China's national lawmakers are debating to what extent the public should be allowed to participate in, and how much negotiating power the public should have, in environmental issues set by the government.
With increasing numbers of protests against controversial government projects in China, members of the National People's Congress (NPC) Standing Committee, the country's top legislature, on Thursday agreed that a draft amendment to the Environmental Protection Law should address rising public discontent.
"When the public has inadequate channels for expressing their concerns and protecting their interests, the existing laws will not work for environmental protection," lawmaker Xie Kechang said during the first reading of the draft amendment.
China's Environmental Protection Law was introduced in 1979 and has stood unchanged since it was officially enacted in 1989, when the country's economy started to boom by becoming the world's leading manufacturing hub.
As booming industries consume massive amounts of water, soil, minerals, labor and other resources, the public have less tolerance for, and more awareness of, hazardous pollution, which also led to the environmental protection agency being upgraded to a Cabinet-level organ in March 2008.
"The law should add an open and effective procedure for the public to participate in approving a government project that may arouse environmental concerns," Xie said.
The local government in the eastern city of Qidong last month canceled an industrial waste pipeline project hours after thousands of angry residents protested against the planned project.
The protest came on the heels of similar demonstrations against industrial projects in the southwestern city of Shifang in July and in the northeastern city of Dalian last year.
Xie, an expert in the coal chemical industry, suggested that supervision and constraints in the government's decision-making process should be preserved in the amendment.
Data from the Ministry of Environmental Protection showed that the number of mass demonstrations related to environmental concerns has increased at an annual rate of 30 percent.
Those protests, spurred by fears of environmental degradation, have stirred nationwide discontent and stoked calls for expanding citizens' rights and sufficiently consulting with local residents when assessing the environmental impact of proposed industrial projects.
China's existing laws do have rules requiring local governments to conduct environmental assessments before approving some projects as well as "encouraging individuals and institutions to participate in the assessment."
However, such rules have been powerless due to the absence of mandatory terms for governments to disclose assessment information.
Thus, a new term has been added to the draft amendment, asking the Ministry of Environmental Protection to release national environmental reports and major environmental information.
Individuals and organizations have the right to request environmental information from the government and its environmental protection agency at or above the county level.
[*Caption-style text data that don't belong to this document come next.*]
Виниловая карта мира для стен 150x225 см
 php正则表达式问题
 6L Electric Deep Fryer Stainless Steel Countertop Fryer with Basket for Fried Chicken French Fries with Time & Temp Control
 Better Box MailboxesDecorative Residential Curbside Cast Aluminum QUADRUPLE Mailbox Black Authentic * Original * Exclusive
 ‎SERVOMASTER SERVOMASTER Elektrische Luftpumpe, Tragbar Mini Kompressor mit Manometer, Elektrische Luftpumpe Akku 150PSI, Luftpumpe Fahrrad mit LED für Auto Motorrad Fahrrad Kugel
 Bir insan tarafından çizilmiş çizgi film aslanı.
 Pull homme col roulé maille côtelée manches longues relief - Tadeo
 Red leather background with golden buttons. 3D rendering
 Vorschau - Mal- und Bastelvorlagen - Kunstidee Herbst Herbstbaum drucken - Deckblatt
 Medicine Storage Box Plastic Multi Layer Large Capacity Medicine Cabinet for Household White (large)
Such claims should be responded to within a set time limit, according to the draft amendment.
The draft amendment also introduces a nationwide environmental monitoring network and data system accessible to the public.
Rita Fan Hsu Lai-tai, a member of the NPC Standing Committee, said the government's releasing of environmental information in line with the law will ensure people's rights to know and choose.
"If people know that the place they live has serious environmental pollution, they have an option to move at least," said Rita Fan, also the former president of the Legislative Council of the Hong Kong Special Administration Region.
She proposed that environmental information should be released regularly by local governments.
Wu Xiaoling, a member of the NPC Standing Committee and former vice chief of China's central bank, proposed that all government projects should not be approved before environmental assessments are carried out.
Wu also proposed that the amendment should adopt a current banking practice that sets environmental assessment as one of the premises for commercial banks to consider lending to enterprises or local governments.
According to Xie Kechang, China is still facing a worsening environmental situation. In the first half of this year, 192 Chinese cities saw acid rain and the levels of particles less than 2.5 micrometers in diameter (PM2.5) increased sharply in the capital region, the Yangtze River Delta and other major economic hubs.
The average annual level of PM2.5 in the capital region, the Yangtze River Delta, the Pearl River Delta, Shandong Peninsula and the Sichuan-Chongqing area is about 80 microgram per cubic meter, five to seven times the average level in the United States.